Start of Block

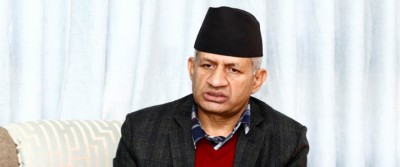 Gyawali-1582251024.jpg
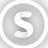 SaMuel_2306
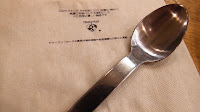 R0013751.JPG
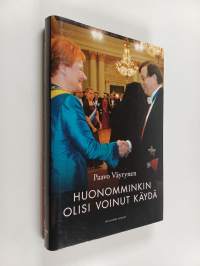 Tyhjä kuva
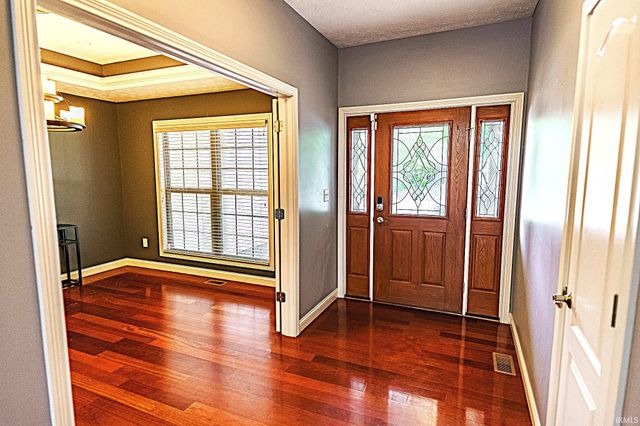 4627 Duckhorn Lane, Lafayette, IN 47909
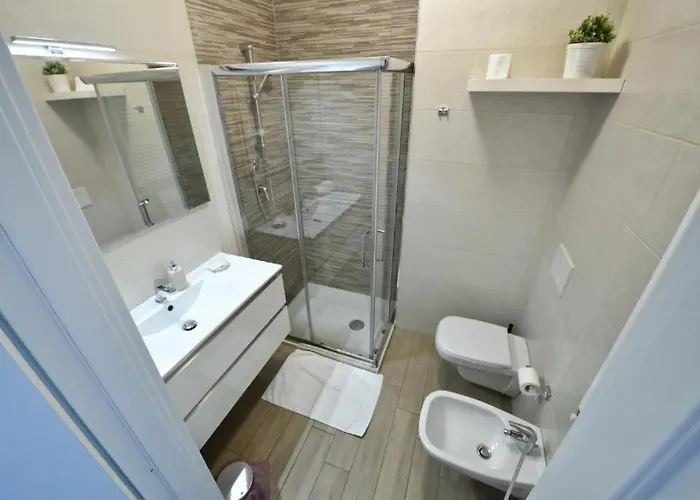 Karol Wojtyla Airport *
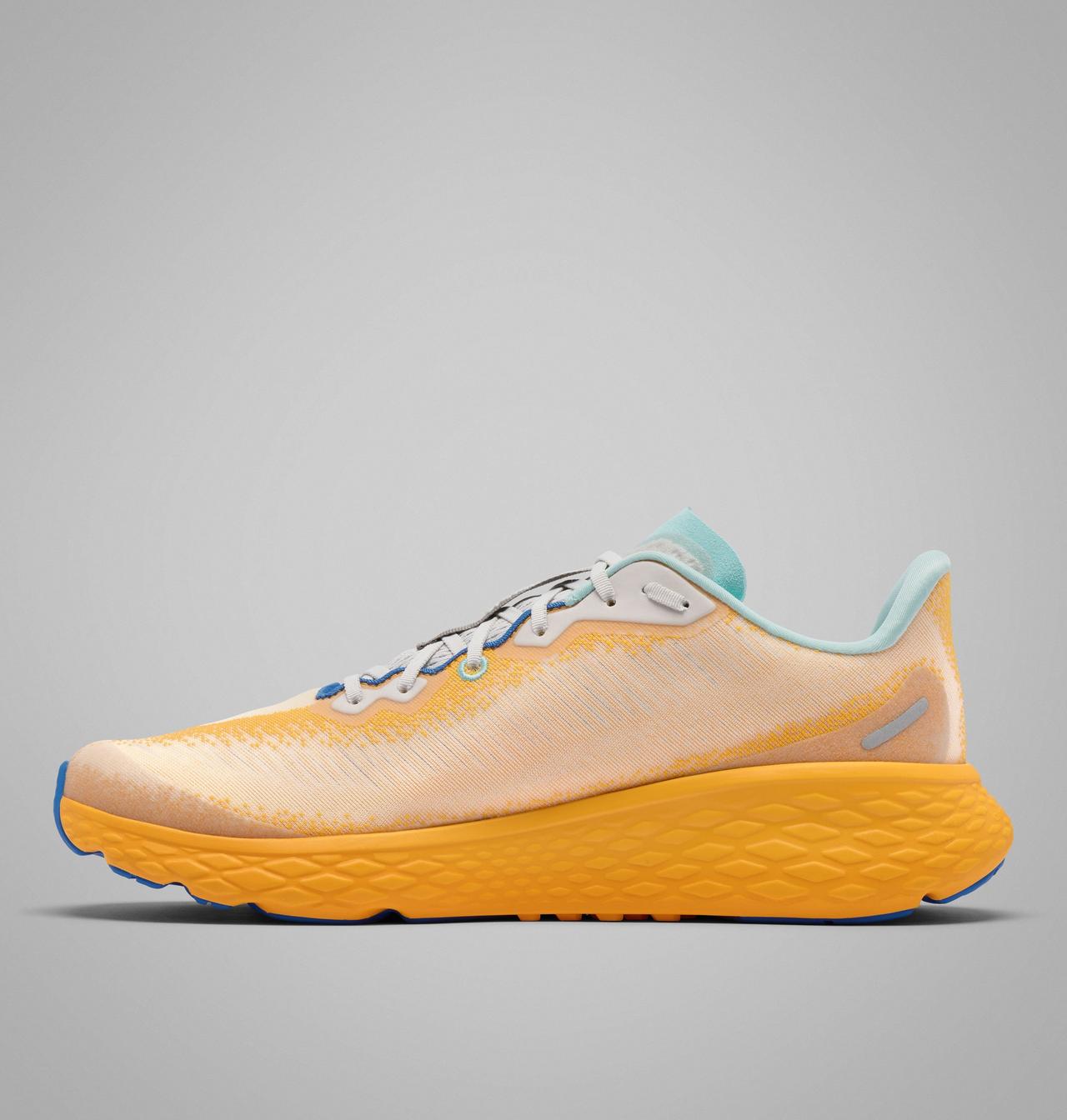 Men's Konos™ Featherweight™ Shoe 6
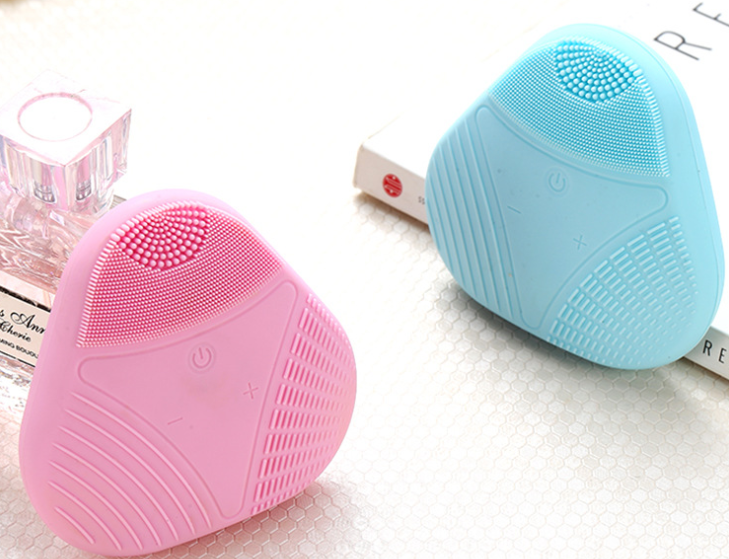 汽車鑰匙套還是用硅膠的好 汽車鑰匙套還是用硅膠的好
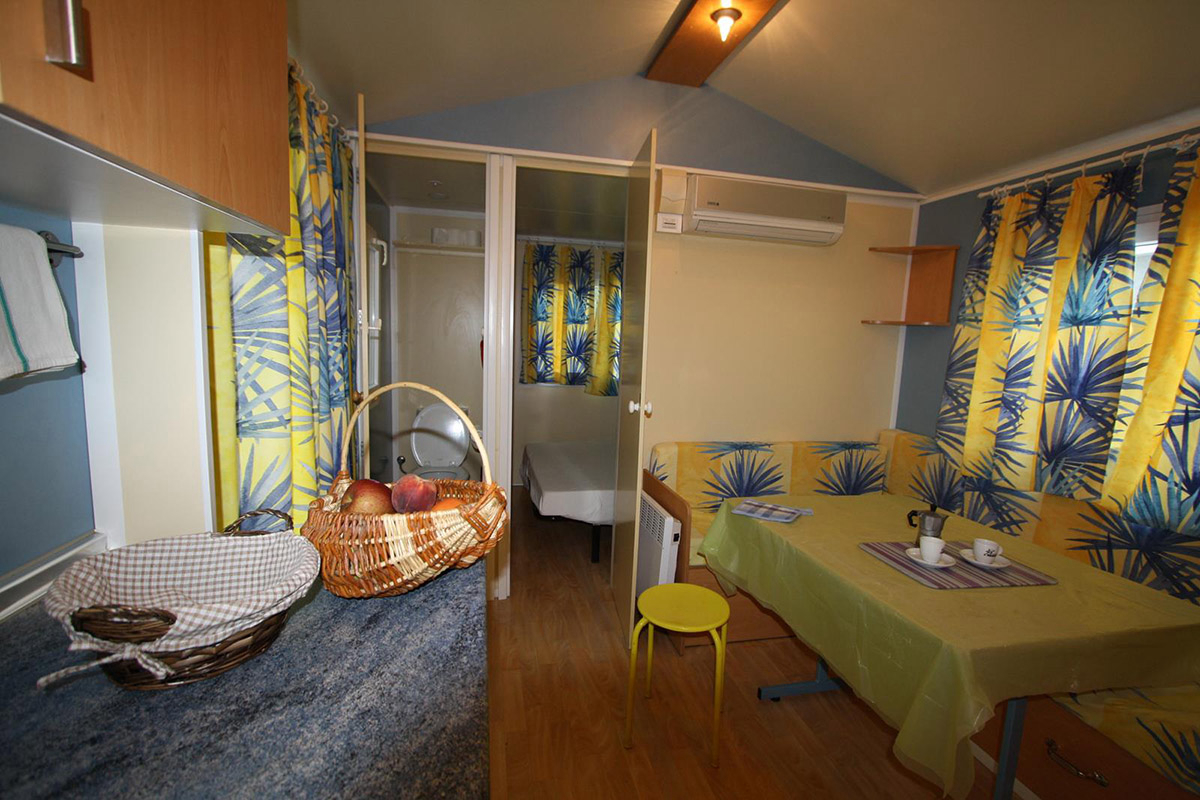 Ai Colli Fioriti Lombardia - Castiglione d’Intelvi visuel 5/7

End of Block

Exercise details: Please repeat exactly the lines from the one containing "R0013751.JPG" through the end of the entries, both included, omitting pictures.

Solution to this exercise:
 R0013751.JPG
 Tyhjä kuva
 4627 Duckhorn Lane, Lafayette, IN 47909
 Karol Wojtyla Airport *
 Men's Konos™ Featherweight™ Shoe 6
 汽車鑰匙套還是用硅膠的好 汽車鑰匙套還是用硅膠的好
 Ai Colli Fioriti Lombardia - Castiglione d’Intelvi visuel 5/7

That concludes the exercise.